_Records for processing_
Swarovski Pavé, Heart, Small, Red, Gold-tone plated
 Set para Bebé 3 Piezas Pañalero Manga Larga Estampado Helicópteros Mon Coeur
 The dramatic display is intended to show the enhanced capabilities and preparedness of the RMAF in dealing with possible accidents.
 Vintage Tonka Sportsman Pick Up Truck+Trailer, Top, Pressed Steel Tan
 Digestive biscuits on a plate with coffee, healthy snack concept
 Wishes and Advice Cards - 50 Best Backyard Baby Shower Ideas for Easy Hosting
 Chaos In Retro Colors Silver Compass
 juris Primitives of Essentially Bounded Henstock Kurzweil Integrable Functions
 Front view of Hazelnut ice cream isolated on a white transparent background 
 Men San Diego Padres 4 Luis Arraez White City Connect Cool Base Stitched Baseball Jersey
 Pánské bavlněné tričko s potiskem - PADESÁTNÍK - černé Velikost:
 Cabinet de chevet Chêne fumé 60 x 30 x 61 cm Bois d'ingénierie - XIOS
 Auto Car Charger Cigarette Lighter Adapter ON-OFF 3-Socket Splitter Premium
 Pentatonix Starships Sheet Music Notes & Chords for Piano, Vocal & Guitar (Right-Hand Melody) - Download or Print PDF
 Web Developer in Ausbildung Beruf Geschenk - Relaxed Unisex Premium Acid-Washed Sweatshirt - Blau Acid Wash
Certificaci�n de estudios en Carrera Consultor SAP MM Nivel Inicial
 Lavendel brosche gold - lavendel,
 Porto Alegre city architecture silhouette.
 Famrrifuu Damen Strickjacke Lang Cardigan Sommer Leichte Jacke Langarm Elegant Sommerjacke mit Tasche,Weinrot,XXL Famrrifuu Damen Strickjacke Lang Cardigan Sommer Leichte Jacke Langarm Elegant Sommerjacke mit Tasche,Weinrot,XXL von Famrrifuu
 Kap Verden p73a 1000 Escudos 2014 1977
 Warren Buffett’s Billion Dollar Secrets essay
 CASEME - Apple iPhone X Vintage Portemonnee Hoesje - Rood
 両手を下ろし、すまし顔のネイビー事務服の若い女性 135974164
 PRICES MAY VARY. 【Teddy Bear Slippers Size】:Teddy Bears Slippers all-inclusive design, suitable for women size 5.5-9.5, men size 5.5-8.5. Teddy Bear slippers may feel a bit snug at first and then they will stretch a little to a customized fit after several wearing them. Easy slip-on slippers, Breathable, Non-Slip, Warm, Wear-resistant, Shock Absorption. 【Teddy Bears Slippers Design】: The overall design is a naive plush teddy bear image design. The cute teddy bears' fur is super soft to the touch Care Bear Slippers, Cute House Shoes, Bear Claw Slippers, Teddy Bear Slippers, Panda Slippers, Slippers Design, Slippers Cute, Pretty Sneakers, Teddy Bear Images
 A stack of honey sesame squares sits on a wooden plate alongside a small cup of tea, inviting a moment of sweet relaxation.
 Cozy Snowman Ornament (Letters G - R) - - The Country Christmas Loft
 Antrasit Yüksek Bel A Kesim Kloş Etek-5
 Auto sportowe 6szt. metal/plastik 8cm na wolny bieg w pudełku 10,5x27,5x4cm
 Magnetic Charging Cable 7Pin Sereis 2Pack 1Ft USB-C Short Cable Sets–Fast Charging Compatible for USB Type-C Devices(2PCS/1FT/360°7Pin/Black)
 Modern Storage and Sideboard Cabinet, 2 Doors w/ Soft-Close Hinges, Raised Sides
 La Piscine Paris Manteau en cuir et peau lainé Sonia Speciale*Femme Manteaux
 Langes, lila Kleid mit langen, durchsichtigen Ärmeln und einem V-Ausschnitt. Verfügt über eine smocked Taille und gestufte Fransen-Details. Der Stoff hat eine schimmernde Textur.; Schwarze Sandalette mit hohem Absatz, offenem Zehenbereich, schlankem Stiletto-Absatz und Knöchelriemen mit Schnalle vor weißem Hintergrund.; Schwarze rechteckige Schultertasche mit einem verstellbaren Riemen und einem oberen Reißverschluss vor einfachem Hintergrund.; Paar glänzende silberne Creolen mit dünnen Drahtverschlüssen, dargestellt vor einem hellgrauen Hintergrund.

_What to produce_
Write out the listing's lines exactly, from its first line through the line that contains "Vintage Tonka Sportsman", and stop there.

_Response to the exercise_
Swarovski Pavé, Heart, Small, Red, Gold-tone plated
 Set para Bebé 3 Piezas Pañalero Manga Larga Estampado Helicópteros Mon Coeur
 The dramatic display is intended to show the enhanced capabilities and preparedness of the RMAF in dealing with possible accidents.
 Vintage Tonka Sportsman Pick Up Truck+Trailer, Top, Pressed Steel Tan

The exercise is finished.